In a recent Twitter debate between a bunch of people, including Tom Matlack, Hugo Schwyzer, and two well-respected feminists, Jennifer Pozner and Amanda Marcotte, Hugo asked Tom “your daughter has a choice: she can accept a ride from a strange woman or strange man. Do you care? What advice do you give?” to which Tom replied, “I would not tell her to base it on gender. Don’t get in cars with strangers period…” I think this is foolish, stubborn advice based in a theoretical argument rather than reality. There are times in which we need help, we all need help, and though Lisa is so right when she says, “The best way to overcome fear is to gain competence” in her piece, When Women Fear Men, that is not always an option.

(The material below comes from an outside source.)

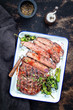 Traditionelles americanisches Barbecue dry aged Flank Steak aufgeschnitten als Draufsicht in einer Bratreine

I flashed back to what my father taught me both with his words and his actions that day on the side of that country road in a snow storm. Sometimes we have to ask for help, Tom, and sometimes there are only strangers around. There may be a violent-looking woman and a very kind-looking man to choose from, and in that case your daughter should defy gender stereotypes. She should follow her instincts. But in general, your daughter should play the numbers and know that if she is going to be raped or murdered, it is most likely going to be by a man and make a choice based upon that.

My father, without naming it, understood that in Rape Culture, he was presumed guilty despite being completely well-intended. He was willing to shoulder that burden and wasn’t angry about not being innately trusted.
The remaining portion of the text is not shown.